WHAT THE EXERCISE ASKS:
The answer should be a faithful retyping of the records that follow, pictures excluded.

DATA RECORDS:
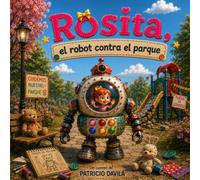 Rosita, el robot contra el parque
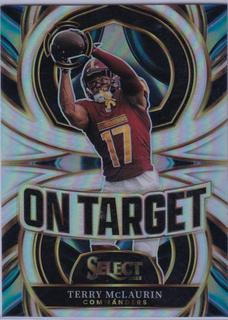 Terry McLaurin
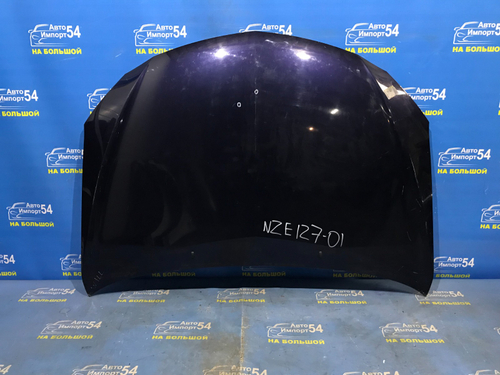 Капот TOYOTA WILL VS 2002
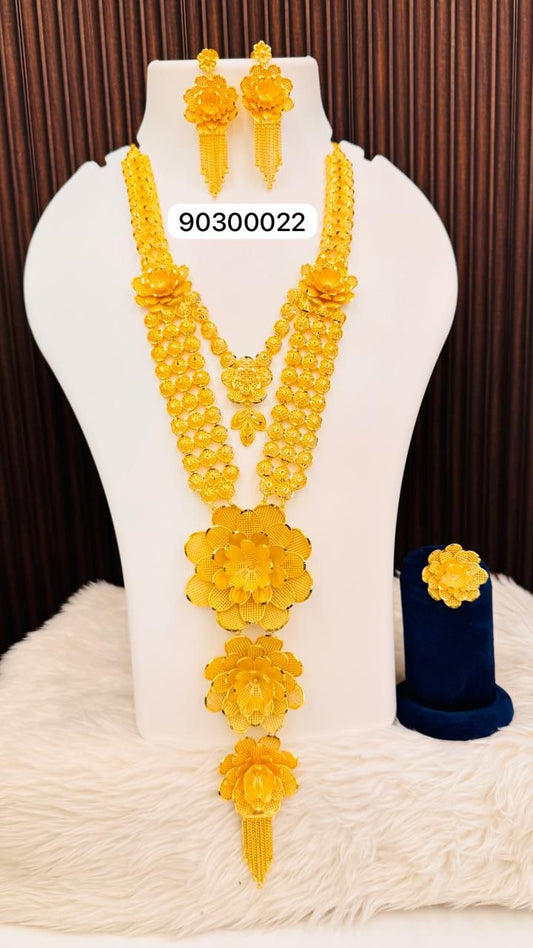 Necklace 0458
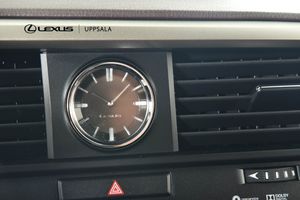 Lexus RX bild 20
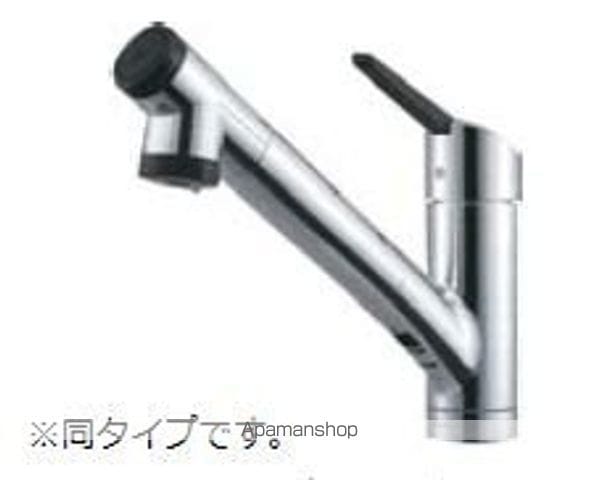 ヒカルサ尼崎若王寺の内装写真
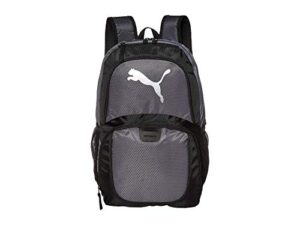 puma evercat contender 3.0 backpack charcoal one size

RESULT FOR THIS TASK:
 Rosita, el robot contra el parque
 Terry McLaurin
 Капот TOYOTA WILL VS 2002
 Necklace 0458
 Lexus RX bild 20
 ヒカルサ尼崎若王寺の内装写真
 puma evercat contender 3.0 backpack charcoal one size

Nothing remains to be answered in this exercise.